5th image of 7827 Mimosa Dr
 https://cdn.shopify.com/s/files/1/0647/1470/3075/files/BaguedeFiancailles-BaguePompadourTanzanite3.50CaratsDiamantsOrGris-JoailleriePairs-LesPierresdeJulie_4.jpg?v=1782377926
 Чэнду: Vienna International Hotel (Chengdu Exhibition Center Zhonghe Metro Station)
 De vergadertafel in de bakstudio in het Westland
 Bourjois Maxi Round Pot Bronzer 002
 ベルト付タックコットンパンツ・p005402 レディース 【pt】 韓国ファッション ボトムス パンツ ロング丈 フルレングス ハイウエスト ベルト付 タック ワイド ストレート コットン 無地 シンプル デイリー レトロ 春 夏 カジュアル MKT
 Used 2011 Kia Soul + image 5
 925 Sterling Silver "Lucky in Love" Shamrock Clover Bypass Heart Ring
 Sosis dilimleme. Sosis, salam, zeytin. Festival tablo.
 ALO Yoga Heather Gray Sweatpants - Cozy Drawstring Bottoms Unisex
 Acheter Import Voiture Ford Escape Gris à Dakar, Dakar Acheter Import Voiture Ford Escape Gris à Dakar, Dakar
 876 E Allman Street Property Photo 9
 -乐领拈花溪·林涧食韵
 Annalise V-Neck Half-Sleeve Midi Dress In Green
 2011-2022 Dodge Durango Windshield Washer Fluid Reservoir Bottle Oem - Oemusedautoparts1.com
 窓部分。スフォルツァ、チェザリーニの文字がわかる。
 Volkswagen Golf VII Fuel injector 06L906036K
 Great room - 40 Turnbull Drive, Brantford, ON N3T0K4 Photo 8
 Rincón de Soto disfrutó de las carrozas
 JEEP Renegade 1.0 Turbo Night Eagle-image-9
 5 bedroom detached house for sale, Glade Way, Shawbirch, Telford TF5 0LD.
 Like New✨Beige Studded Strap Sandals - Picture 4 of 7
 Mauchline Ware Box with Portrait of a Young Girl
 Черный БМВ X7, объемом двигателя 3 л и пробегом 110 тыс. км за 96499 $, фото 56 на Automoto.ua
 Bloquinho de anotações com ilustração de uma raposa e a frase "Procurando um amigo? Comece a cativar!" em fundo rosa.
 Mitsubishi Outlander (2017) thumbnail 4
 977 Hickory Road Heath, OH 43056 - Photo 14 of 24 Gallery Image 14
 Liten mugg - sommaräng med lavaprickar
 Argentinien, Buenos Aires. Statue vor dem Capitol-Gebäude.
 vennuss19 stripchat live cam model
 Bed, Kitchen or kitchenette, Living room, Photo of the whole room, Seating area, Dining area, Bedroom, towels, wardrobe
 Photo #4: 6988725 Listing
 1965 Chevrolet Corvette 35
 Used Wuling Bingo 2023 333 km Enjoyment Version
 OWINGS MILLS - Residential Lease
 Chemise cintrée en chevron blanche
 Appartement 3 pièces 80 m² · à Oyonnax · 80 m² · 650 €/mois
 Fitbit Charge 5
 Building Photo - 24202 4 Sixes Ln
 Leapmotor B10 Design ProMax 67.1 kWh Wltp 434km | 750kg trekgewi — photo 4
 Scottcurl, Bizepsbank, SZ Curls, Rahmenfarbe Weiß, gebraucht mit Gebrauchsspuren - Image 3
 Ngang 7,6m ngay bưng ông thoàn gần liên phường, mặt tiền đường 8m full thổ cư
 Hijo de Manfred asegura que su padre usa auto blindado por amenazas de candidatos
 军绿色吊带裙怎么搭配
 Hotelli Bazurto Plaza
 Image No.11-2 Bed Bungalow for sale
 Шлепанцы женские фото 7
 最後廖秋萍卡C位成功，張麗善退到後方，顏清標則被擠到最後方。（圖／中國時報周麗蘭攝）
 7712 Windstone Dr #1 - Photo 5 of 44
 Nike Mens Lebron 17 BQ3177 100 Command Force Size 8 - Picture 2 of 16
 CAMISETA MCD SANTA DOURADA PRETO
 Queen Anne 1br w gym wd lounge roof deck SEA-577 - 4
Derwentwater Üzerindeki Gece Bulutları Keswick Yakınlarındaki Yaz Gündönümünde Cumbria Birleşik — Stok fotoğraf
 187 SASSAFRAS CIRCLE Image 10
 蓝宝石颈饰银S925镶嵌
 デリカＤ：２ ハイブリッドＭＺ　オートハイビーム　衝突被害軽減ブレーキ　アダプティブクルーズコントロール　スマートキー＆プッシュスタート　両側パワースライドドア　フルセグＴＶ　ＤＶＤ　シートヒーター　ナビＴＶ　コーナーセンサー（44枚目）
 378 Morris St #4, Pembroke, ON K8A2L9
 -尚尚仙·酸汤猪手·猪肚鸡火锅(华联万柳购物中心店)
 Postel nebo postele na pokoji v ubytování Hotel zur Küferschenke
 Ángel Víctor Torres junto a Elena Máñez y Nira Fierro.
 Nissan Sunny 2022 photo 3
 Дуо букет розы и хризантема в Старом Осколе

-.-.-

Aim of the task: This exercise calls for repeating every line of the data exactly.

Result of the task:
5th image of 7827 Mimosa Dr
 https://cdn.shopify.com/s/files/1/0647/1470/3075/files/BaguedeFiancailles-BaguePompadourTanzanite3.50CaratsDiamantsOrGris-JoailleriePairs-LesPierresdeJulie_4.jpg?v=1782377926
 Чэнду: Vienna International Hotel (Chengdu Exhibition Center Zhonghe Metro Station)
 De vergadertafel in de bakstudio in het Westland
 Bourjois Maxi Round Pot Bronzer 002
 ベルト付タックコットンパンツ・p005402 レディース 【pt】 韓国ファッション ボトムス パンツ ロング丈 フルレングス ハイウエスト ベルト付 タック ワイド ストレート コットン 無地 シンプル デイリー レトロ 春 夏 カジュアル MKT
 Used 2011 Kia Soul + image 5
 925 Sterling Silver "Lucky in Love" Shamrock Clover Bypass Heart Ring
 Sosis dilimleme. Sosis, salam, zeytin. Festival tablo.
 ALO Yoga Heather Gray Sweatpants - Cozy Drawstring Bottoms Unisex
 Acheter Import Voiture Ford Escape Gris à Dakar, Dakar Acheter Import Voiture Ford Escape Gris à Dakar, Dakar
 876 E Allman Street Property Photo 9
 -乐领拈花溪·林涧食韵
 Annalise V-Neck Half-Sleeve Midi Dress In Green
 2011-2022 Dodge Durango Windshield Washer Fluid Reservoir Bottle Oem - Oemusedautoparts1.com
 窓部分。スフォルツァ、チェザリーニの文字がわかる。
 Volkswagen Golf VII Fuel injector 06L906036K
 Great room - 40 Turnbull Drive, Brantford, ON N3T0K4 Photo 8
 Rincón de Soto disfrutó de las carrozas
 JEEP Renegade 1.0 Turbo Night Eagle-image-9
 5 bedroom detached house for sale, Glade Way, Shawbirch, Telford TF5 0LD.
 Like New✨Beige Studded Strap Sandals - Picture 4 of 7
 Mauchline Ware Box with Portrait of a Young Girl
 Черный БМВ X7, объемом двигателя 3 л и пробегом 110 тыс. км за 96499 $, фото 56 на Automoto.ua
 Bloquinho de anotações com ilustração de uma raposa e a frase "Procurando um amigo? Comece a cativar!" em fundo rosa.
 Mitsubishi Outlander (2017) thumbnail 4
 977 Hickory Road Heath, OH 43056 - Photo 14 of 24 Gallery Image 14
 Liten mugg - sommaräng med lavaprickar
 Argentinien, Buenos Aires. Statue vor dem Capitol-Gebäude.
 vennuss19 stripchat live cam model
 Bed, Kitchen or kitchenette, Living room, Photo of the whole room, Seating area, Dining area, Bedroom, towels, wardrobe
 Photo #4: 6988725 Listing
 1965 Chevrolet Corvette 35
 Used Wuling Bingo 2023 333 km Enjoyment Version
 OWINGS MILLS - Residential Lease
 Chemise cintrée en chevron blanche
 Appartement 3 pièces 80 m² · à Oyonnax · 80 m² · 650 €/mois
 Fitbit Charge 5
 Building Photo - 24202 4 Sixes Ln
 Leapmotor B10 Design ProMax 67.1 kWh Wltp 434km | 750kg trekgewi — photo 4
 Scottcurl, Bizepsbank, SZ Curls, Rahmenfarbe Weiß, gebraucht mit Gebrauchsspuren - Image 3
 Ngang 7,6m ngay bưng ông thoàn gần liên phường, mặt tiền đường 8m full thổ cư
 Hijo de Manfred asegura que su padre usa auto blindado por amenazas de candidatos
 军绿色吊带裙怎么搭配
 Hotelli Bazurto Plaza
 Image No.11-2 Bed Bungalow for sale
 Шлепанцы женские фото 7
 最後廖秋萍卡C位成功，張麗善退到後方，顏清標則被擠到最後方。（圖／中國時報周麗蘭攝）
 7712 Windstone Dr #1 - Photo 5 of 44
 Nike Mens Lebron 17 BQ3177 100 Command Force Size 8 - Picture 2 of 16
 CAMISETA MCD SANTA DOURADA PRETO
 Queen Anne 1br w gym wd lounge roof deck SEA-577 - 4
Derwentwater Üzerindeki Gece Bulutları Keswick Yakınlarındaki Yaz Gündönümünde Cumbria Birleşik — Stok fotoğraf
 187 SASSAFRAS CIRCLE Image 10
 蓝宝石颈饰银S925镶嵌
 デリカＤ：２ ハイブリッドＭＺ　オートハイビーム　衝突被害軽減ブレーキ　アダプティブクルーズコントロール　スマートキー＆プッシュスタート　両側パワースライドドア　フルセグＴＶ　ＤＶＤ　シートヒーター　ナビＴＶ　コーナーセンサー（44枚目）
 378 Morris St #4, Pembroke, ON K8A2L9
 -尚尚仙·酸汤猪手·猪肚鸡火锅(华联万柳购物中心店)
 Postel nebo postele na pokoji v ubytování Hotel zur Küferschenke
 Ángel Víctor Torres junto a Elena Máñez y Nira Fierro.
 Nissan Sunny 2022 photo 3
 Дуо букет розы и хризантема в Старом Осколе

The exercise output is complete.